Natural gas prices in Mexico reached a 21-month high in November, averaging $3.45/MMBtu, according to the latest IPGN monthly natural gas price index published by Comisión Reguladora de Energía (CRE).

IPGN nov 2020

This compares to $3.15/MMBtu in November 2019.

CRE compiles the index based on day-ahead spot prices reported anonymously by marketers.

CRE used 298 transactions reported by 28 marketers for a total volume of 6.48 Bcf/d to calculate the latest index, up from 238 deals from 24 companies for 6.15 Bcf/d in the similar period last year.

Due to Mexico’s growing dependence on pipeline gas imports from the United States, Mexico gas prices are closely tied to prices at liquid trading locations in the United States, namely Henry Hub, Houston Ship Channel and Waha.

U.S. prices were boosted in November by surging exports of liquefied natural gas (LNG), which hit a record monthly high after plunging to their lowest levels in more than two years over the summer amid the Covid-19 pandemic, according to the U.S. Energy Information Administration (EIA).

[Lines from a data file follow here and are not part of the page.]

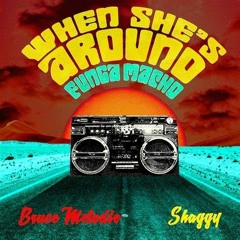 NRJ - BRUCE MELODIE & SHAGGY - WHEN SHE'S AROUND (FUNGA MACHO) (PN)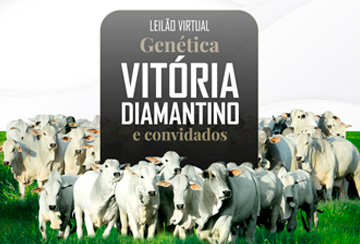 LEILÃO VIRTUAL GENÉTICA VITÓRIA DIAMANTINO E CONVIDADOS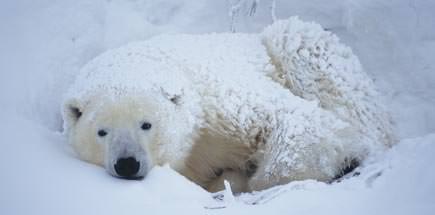 עשרה דברים מעניינים שכדאי לדעת על קנדה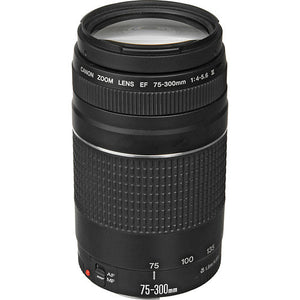 Canon EF 75-300mm f/4-5.6 III Lens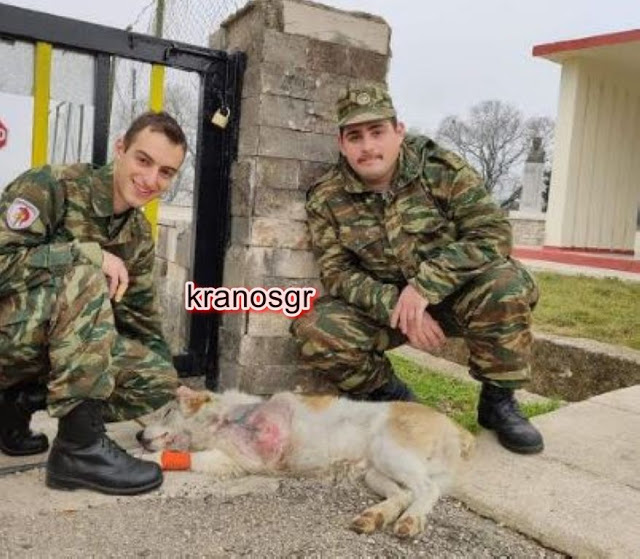 Στρατιώτες σώζουν σκύλο από χτύπημα αυτοκινήτου και βέβαιο θάνατο - Φωτογραφία 1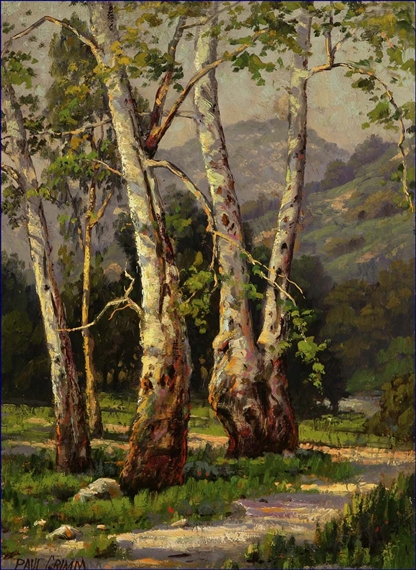 Sunlight on a eucalyptus grove by Paul Grimm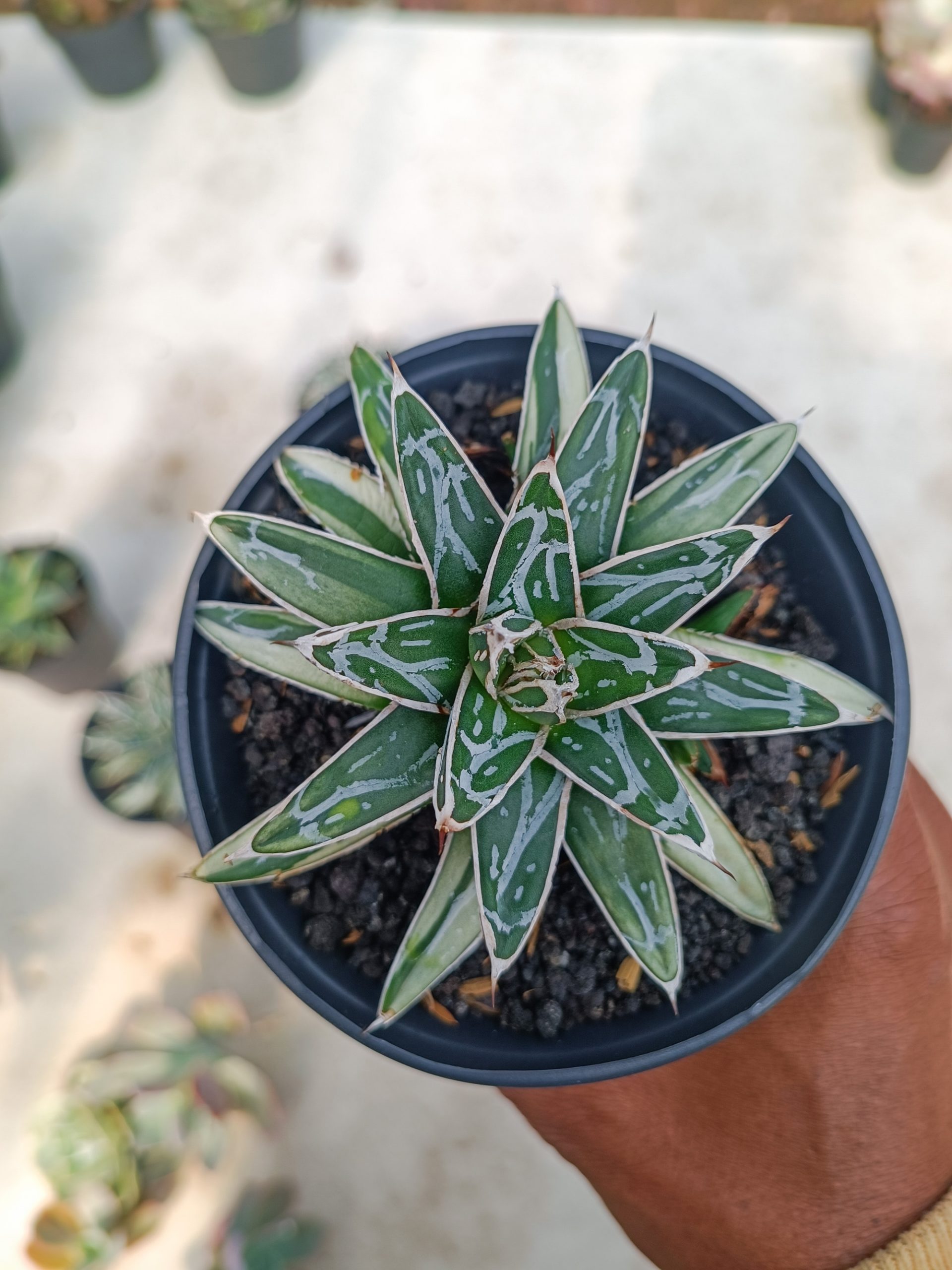 992. Agave Himesanoyuki White Variegated - Image 2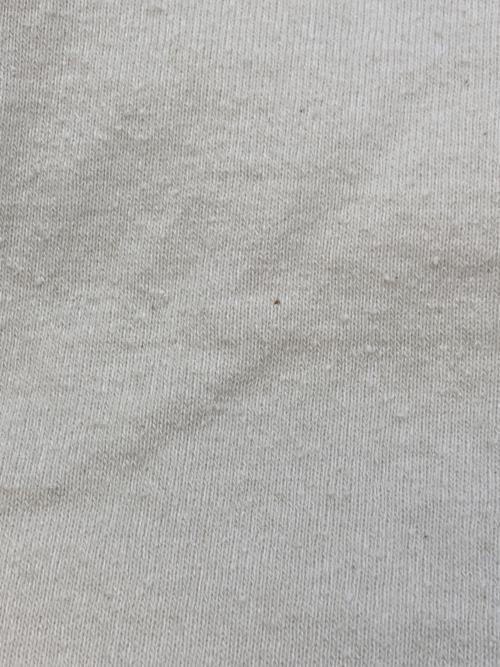 BLURHMS（ブラームス）BLURHMS (ブラームス) 23AW Silk Nep Baseball Raglan Tee TwoTone ホワイト×グレー サイズ:4の古着・服飾アイテム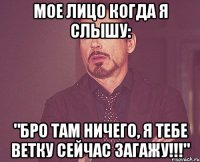 мое лицо когда я слышу: "бро там ничего, я тебе ветку сейчас загажу!!!"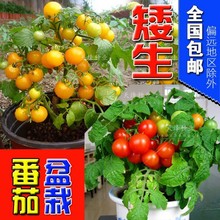 矮生盆栽番茄种子盆栽蔬菜种子小西红柿 圣女果阳台菜种子包邮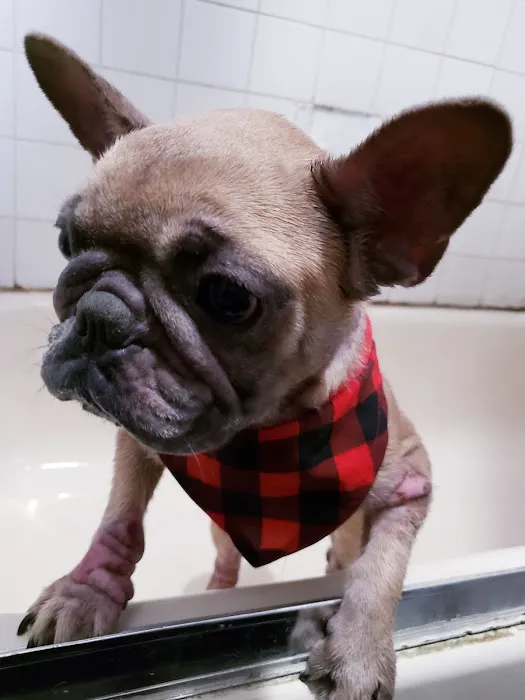 Vetco Total Care Animal Hospital 2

A cold start to the winter in Asia combined with fewer pandemic-related restrictions has driven spot LNG prices to their highest level in over two years, researchers said.

In its latest Short-Term Energy Outlook, EIA also forecast monthly average spot prices of $3.01/MMBtu for full-year 2021, up from a forecast average of $2.07/MMBtu for 2020.

The bullish outlook is driven by higher heating demand, rising LNG exports and domestic production declines.

The dynamism of LNG exports from the United States to Asia points toward continued strong pricing of natural gas over the near-term, said independent Mexico City energy analyst Rosanety Barrios in a webcast panel last week organized by the #WeTweetEnergy collective of Mexico energy experts.

Barrios shared the virtual stage with fellow analyst Eduardo Prud’homme, founder of the Gadex consultancy.

Pipeline gas imports from the United States, which have continued to break records even through the pandemic, should — in theory —  rise further upon the commercial startup of Grupo Carso’s 472 MMcf/d Samalayuca-Sásabe pipeline. The pipeline is in the testing phase and slated to enter service this month or in January, connecting West Texas gas supply with the Sásabe area of northwestern Mexico.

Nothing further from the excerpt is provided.